Sebelumnya, pada Rabu (19/8) sore, sejumlah unsur Pimpinan DPD RI, di antaranya di antaranya Wakil Ketua I DPD RI Nono Sampono, Wakil Ketua III DPD RI Akhmad Muquwam, dan Ketua Komite I DPD RI Benny Ramdani beraudiensi dengan Mahkamah Konstitusi yang diwakili oleh Ketua MK Anwar Usman, Wakil Ketua MK Aswanto, dan Hakim Konstitusi I Dewa Gede Palguna, Sekretaris Jenderal MK, dan Panitera MK.

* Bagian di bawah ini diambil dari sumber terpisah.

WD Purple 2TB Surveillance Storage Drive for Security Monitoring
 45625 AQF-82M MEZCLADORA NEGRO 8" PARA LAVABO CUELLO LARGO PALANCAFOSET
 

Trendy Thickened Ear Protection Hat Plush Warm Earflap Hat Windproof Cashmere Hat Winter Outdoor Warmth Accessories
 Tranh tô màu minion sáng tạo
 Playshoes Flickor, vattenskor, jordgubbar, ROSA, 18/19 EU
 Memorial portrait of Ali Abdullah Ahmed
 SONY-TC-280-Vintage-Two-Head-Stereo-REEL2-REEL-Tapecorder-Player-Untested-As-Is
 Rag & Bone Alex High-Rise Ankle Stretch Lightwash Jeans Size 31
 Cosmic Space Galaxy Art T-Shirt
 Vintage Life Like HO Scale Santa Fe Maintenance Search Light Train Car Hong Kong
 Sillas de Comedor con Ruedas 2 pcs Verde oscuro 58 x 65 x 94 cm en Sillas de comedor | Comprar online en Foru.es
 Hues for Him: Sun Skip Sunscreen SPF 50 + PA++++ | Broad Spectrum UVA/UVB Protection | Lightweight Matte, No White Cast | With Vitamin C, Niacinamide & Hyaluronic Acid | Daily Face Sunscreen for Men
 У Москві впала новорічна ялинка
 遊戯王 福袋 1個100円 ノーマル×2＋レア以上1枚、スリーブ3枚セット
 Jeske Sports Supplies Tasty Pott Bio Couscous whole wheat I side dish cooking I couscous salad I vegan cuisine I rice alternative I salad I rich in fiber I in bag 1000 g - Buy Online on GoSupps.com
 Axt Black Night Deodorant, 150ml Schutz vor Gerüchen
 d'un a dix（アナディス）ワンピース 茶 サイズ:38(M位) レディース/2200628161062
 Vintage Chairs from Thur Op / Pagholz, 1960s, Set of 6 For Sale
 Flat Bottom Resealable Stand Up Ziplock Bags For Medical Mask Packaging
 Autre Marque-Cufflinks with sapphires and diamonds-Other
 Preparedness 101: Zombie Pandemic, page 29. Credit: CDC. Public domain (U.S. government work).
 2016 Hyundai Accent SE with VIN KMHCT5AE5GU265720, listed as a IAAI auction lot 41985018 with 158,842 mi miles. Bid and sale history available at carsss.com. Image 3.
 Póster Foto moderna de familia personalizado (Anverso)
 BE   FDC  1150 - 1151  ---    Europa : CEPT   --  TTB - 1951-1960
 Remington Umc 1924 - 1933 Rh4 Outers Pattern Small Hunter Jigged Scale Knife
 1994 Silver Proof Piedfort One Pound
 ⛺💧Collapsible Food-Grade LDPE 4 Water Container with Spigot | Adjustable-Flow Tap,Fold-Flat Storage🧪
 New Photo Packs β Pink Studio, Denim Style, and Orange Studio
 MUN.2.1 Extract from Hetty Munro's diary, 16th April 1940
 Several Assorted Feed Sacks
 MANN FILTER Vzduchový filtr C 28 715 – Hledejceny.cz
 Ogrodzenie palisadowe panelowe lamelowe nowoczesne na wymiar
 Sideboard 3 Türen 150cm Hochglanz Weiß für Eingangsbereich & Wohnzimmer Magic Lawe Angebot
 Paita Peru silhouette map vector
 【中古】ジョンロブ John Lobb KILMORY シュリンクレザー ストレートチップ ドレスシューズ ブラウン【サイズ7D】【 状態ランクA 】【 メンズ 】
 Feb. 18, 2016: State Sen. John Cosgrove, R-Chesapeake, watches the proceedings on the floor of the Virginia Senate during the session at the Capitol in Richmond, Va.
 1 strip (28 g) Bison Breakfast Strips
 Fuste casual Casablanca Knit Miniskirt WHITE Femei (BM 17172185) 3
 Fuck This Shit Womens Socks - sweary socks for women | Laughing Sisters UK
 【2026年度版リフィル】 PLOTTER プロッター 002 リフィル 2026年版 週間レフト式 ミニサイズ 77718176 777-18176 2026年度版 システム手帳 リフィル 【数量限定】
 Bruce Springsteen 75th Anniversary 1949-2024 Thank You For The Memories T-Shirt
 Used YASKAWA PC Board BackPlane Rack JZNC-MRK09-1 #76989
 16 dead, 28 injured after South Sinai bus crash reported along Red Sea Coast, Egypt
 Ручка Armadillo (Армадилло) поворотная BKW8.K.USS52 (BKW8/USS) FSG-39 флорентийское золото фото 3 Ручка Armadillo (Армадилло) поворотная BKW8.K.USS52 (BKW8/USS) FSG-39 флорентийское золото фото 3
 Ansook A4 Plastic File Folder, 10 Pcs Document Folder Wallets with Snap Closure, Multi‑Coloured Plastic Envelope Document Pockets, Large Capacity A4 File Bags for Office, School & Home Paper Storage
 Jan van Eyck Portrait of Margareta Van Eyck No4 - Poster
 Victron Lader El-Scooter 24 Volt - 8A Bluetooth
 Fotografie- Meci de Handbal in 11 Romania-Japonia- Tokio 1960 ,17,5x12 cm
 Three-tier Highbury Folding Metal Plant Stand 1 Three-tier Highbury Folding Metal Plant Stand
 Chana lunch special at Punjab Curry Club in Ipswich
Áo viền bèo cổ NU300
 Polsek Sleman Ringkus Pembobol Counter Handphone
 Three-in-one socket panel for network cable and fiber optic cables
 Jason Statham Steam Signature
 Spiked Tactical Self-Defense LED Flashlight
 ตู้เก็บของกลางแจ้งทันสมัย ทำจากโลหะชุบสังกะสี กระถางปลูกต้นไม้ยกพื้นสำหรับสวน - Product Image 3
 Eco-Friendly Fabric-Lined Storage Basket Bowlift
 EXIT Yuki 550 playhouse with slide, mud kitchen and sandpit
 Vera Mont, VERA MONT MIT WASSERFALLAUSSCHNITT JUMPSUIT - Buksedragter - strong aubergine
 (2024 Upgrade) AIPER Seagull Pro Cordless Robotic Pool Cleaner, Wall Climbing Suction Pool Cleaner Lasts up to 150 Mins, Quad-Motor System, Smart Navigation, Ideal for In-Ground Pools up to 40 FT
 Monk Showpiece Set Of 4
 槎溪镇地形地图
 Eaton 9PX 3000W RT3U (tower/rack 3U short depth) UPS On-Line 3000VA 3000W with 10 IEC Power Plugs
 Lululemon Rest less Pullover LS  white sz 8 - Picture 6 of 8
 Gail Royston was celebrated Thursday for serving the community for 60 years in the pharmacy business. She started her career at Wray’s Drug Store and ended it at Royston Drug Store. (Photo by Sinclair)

Palguna menyampaikan dalam pertemuan tersebut, sejak awal Pimpinan DPD RI menegaskan bahwa DPD RI tidak akan mencampuri Putusan Mahkamah Konstitusi dan menghormati Putusan dimaksud, namun meminta penjelasan mengenai beberapa hal. Selain itu, terkait dengan Putusan Mahkamah Konstitusi Nomor 30/PUU-XVI/2018 bertanggal 23 Juli 2018, MK pun menjelaskan bahwa Mahkamah tidak akan dan tidak boleh menafsirkan Putusan Mahkamah Konstitusi in casu Putusan Nomor 30/PUUXVI/2018 bertanggal 23 Juli 2018. “Melainkan hanya menjelaskan pertimbangan hukum Mahkamah sehingga tiba pada Amar Putusan sebagaimana tertuang dalam Putusan a quo,” jelasnya.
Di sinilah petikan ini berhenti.